In the Securities Act of 1933, the “Selling Stock Act,” the statutory framework for Private Placements is set forth in Section 4(2) of the 1933 Act as “transactions by an issuer not involving a public offering.” In SEC Regulation D, the SEC has said that one way to assure that your offering is not a “public offering” is to limit the number of people who can buy your stock in the Private Placement.
If you are contemplating a Go Public Direct transaction as opposed to a reverse merger with a public shell, this is important because it gets you the necessary number of shareholders to obtain a Ticker Symbol and gives you the opportunity to raise funds prior to filing a registration statement on Form S-1 with the SEC with the certainty you are doing so without violating the law.
Rules 505 and 506 limit the number of investors to 35 investors who are not “Accredited Investors.” Rule 504 does not have this limitation. However, state “Blue Sky” laws effectively impose the same limitations even if you choose a Rule 504 Private Placement.
What is an Accredited Investor?
To make this count accurately and assure you don’t violate Reg. D by going over the number of allowed investors, you must understand what an Accredited Investor is. There are many classification of the term Accredited Investor.

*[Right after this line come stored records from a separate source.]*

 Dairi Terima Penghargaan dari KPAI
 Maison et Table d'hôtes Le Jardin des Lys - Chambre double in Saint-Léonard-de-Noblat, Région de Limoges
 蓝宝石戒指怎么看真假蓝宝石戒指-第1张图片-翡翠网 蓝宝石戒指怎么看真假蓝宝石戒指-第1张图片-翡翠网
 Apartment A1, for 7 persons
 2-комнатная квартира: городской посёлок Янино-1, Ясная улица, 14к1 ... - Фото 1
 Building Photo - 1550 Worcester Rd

Those used most often, under current law, are:
- Any natural person whose individual net worth, or joint net worth with that person’s spouse, at the time of his purchase exceeds $1,000,000, excluding the value of the primary residence.
- Any natural person who had an individual income in excess of $200,000 in each of the two most recent years or joint income with that person’s spouse in excess of $300,000 in each of those years and has a reasonable expectation of reaching the same income level in the current year.

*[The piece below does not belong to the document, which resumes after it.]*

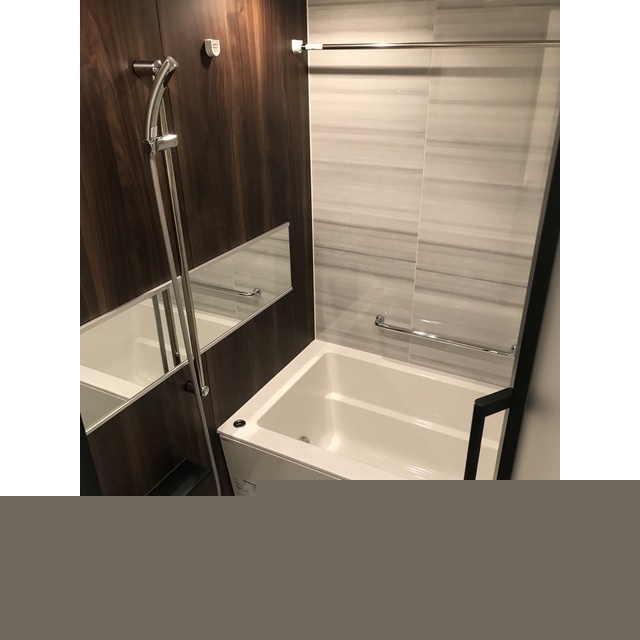 Modern 1-Bedroom Condo in Kitaueno 7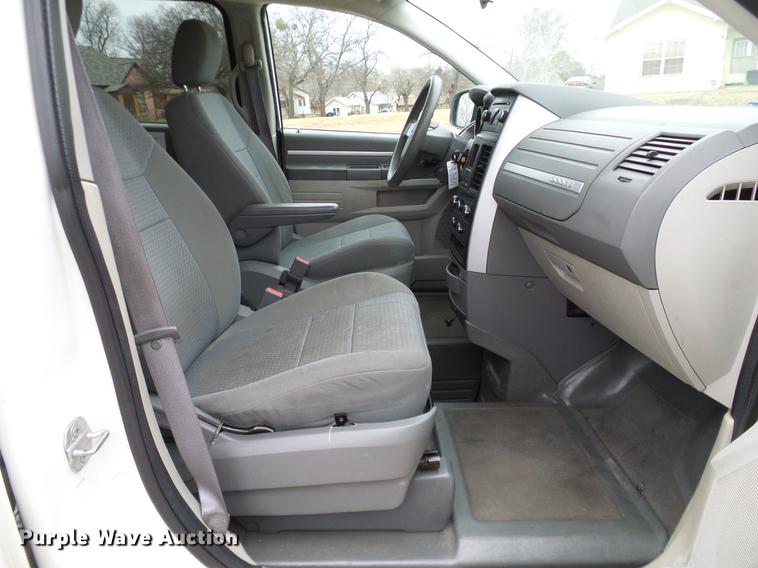 image for item DD1443 2010 Dodge Grand Caravan van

There are other types of Accredited Investors, primarily non-individuals such as institutions that meet certain standards, and there are also other individuals that are also excluded in the count, most often any relative, spouse or relative of the spouse of a purchaser who has the same principal residence as the purchaser.
Why is an Accredited Investor treated differently under Regulation D? According to the SEC, it is because one purpose of the accredited investor concept is to identify persons who can bear the economic risk of an investment in unregistered securities, including the ability to hold unregistered (and therefore less liquid) securities for an indefinite period and, if necessary, to afford a complete loss of such investment.
Accredited Investors and the Dodd-Frank Act
In 2011, under the Dodd-Frank Act, Congress directed the SEC to adjust the accredited investor net worth standard that applies to natural persons individually, or jointly with their spouse, to “more than $1,000,000 . . . excluding the value of the primary residence.” So in December 2011 the SEC did this by adopting amendments which provide the following:
- The person’s primary residence shall not be included as an asset;
- Indebtedness that is secured by the person’s primary residence, up to the estimated fair market value of the primary residence at the time of the sale of securities, shall not be included as a liability (with certain limitations); and
- Indebtedness that is secured by the person’s primary residence in excess of the estimated fair market value of the primary residence at the time of the sale of securities shall be included as a liability.
What does the future hold for the definition of an accredited investor? Under Dodd-Frank, an increase in the $1,000,000 standard every four years beginning in 2015.
How do you know if an investor in your placement is accredited? You ask. All investors in your Reg. D Private Placement must fill out a Subscription Agreement. In the Subscription Agreement, you ask the Investor to make representations confirm Accredited Investor status.